**SUPPLIED INFORMATION**.

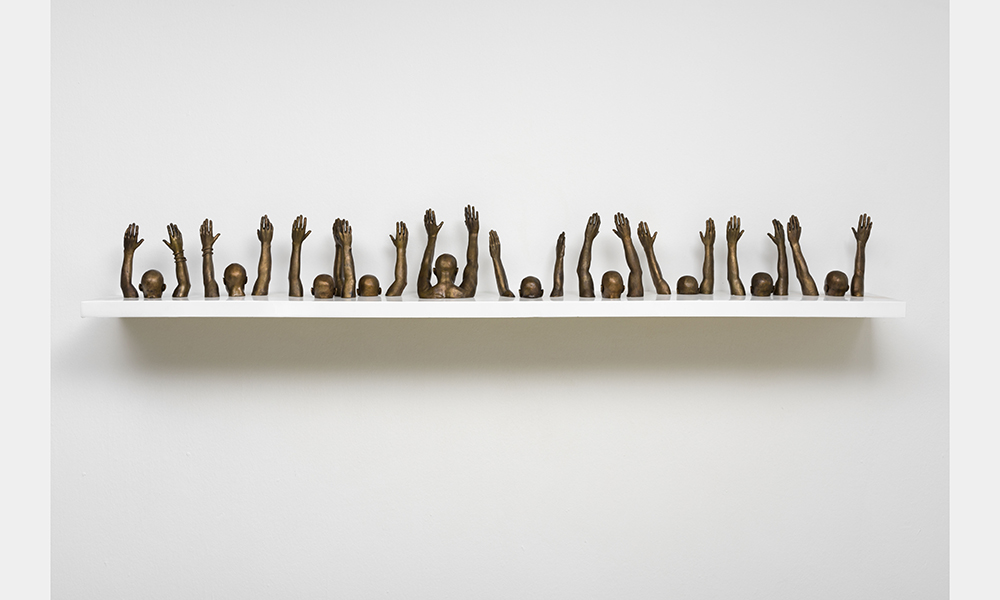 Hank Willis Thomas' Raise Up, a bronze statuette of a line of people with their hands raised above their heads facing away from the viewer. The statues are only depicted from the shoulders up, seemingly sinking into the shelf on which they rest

==

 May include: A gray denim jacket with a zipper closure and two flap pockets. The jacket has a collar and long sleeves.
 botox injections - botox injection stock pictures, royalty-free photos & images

**WORK INSTRUCTION**.
What you give back should be only the lines of the records above, starting at the line with "May include: A" and ending at the line with "botox injections - botox", restated word for word.

**OUTPUT OF THE EXERCISE**.
 May include: A gray denim jacket with a zipper closure and two flap pockets. The jacket has a collar and long sleeves.
 botox injections - botox injection stock pictures, royalty-free photos & images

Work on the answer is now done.